Parameters: - sample_arms (a dictionary of (arm name, SampleArm) key-value pairs) – the already-sampled arms: wins, losses, and totals
- validate (boolean) – whether to sanity-check the input sample_arms
- arms_sampled[source]¶
Return the arms_sampled, a dictionary of (arm name, SampleArm) key-value pairs.
- json_payload()[source]¶
Construct a json serializeable and MOE REST recognizeable dictionary of the historical data.
- static validate_sample_arms(sample_arms)[source]¶
Check that sample_arms passes basic validity checks: all values are finite.
Parameters: sample_arms (a dictionary of (arm name, SampleArm) key-value pairs) – already-sampled arms: names, wins, losses, and totals Returns: True if inputs are valid Return type: boolean
- class moe.bandit.data_containers.SampleArm(win=0.0, loss=0.0, total=0, variance=None)[source]¶
Bases: object
An arm (name, win, loss, total, variance) sampled from the objective function we are modeling/optimizing.

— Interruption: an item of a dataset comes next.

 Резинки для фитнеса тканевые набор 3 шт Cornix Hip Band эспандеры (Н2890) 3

This class is a representation of a “Sample Arm,” which is defined by the four data members listed here. SampleArm is a convenient way of communicating data to the rest of the bandit library (via the HistoricalData container); it also provides a convenient grouping for interactive introspection.
Users are not required to use SampleArm, iterables with the same data layout will suffice.

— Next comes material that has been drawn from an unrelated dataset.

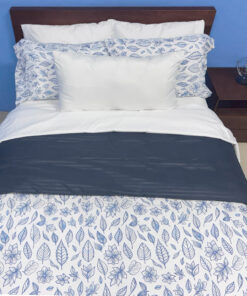 Combo duvet más plumón hojas indio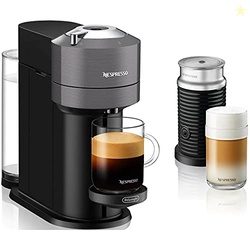 Nespresso Vertuo Next Coffee and Espresso Machine by De'Longhi with Milk Frother, 8 ounces, Dark Grey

Variables: - win – (float64 >= 0.0) The amount won from playing this arm
- loss – (float64 >= 0.0) The amount loss from playing this arm
- total – (int >= 0) The number of times we have played this arm
- variance – (float >= 0.0) The variance of this arm, if there is no variance it is equal to None
- json_payload()[source]¶
Convert the sample_arm into a dict to be consumed by json for a REST request.
- validate()[source]¶
Check this SampleArm passes basic validity checks: all values are finite.

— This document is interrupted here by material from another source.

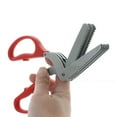 thumbnail image 3 of Stainless Heavy Duty Cross Cut Security Shredding Scissors Destroy Documents, 3 of 4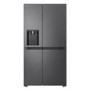 Refurbished LG NatureFRESH 638 Litre Side-by-Side American Fridge Freezer - Matte Black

Raises ValueError: if any member data is non-finite or out of range
moe.bandit.linkers module¶
Links between the implementations of bandit algorithms.
moe.bandit.utils module¶
Utilities for bandit.
- moe.bandit.utils.get_equal_arm_allocations(arms_sampled, winning_arm_names=None)[source]¶
Split allocations equally among the given winning_arm_names. If no winning_arm_names given, split allocations among arms_sampled.
Throws an exception when arms_sampled is empty.
Parameters: arms_sampled (dictionary of (str, SampleArm()) pairs) – a dictionary of arm name to moe.bandit.data_containers.SampleArm Param: winning_arm_names: a set of names of the winning arms Type: winning_arm_names: frozenset(str) Returns: the dictionary of (arm, allocation) key-value pairs Return type: a dictionary of (str, float64) pairs Raise: ValueError when arms_sampled are empty.
- moe.bandit.utils.get_winning_arm_names_from_payoff_arm_name_list(payoff_arm_name_list)[source]¶
Compute the set of winning arm names based on the given payoff_arm_name_list..
Throws an exception when payoff_arm_name_list is empty.
Parameters: payoff_arm_name_list (list of (float64, str) tuples) – a list of (payoff, arm name) tuples Returns: of set of names of the winning arms Return type: frozenset(str) Raise: ValueError when payoff_arm_name_list are empty.
Module contents¶
Bandit directory containing multi-armed bandit implementation in python.
Files in this package
- moe.bandit.constant: some default configuration values for optimal_learning components
- moe.bandit.data_containers: SampleArm and HistoricalData containers for passing data to the bandit library
- moe.bandit.linkers: linkers connecting bandit components.
- moe.bandit.bandit_interface: an interface into different bandit policies
Bandit packages moe.bandit.epsilon: Epsilon bandit policies moe.bandit.ucb: UCB bandit policies moe.bandit.bla: BLA bandit policies
A set of abstract base classes (ABCs) defining an interface for interacting with bandit. These consist of composable functions and classes to allocate bandit arms and choose arm.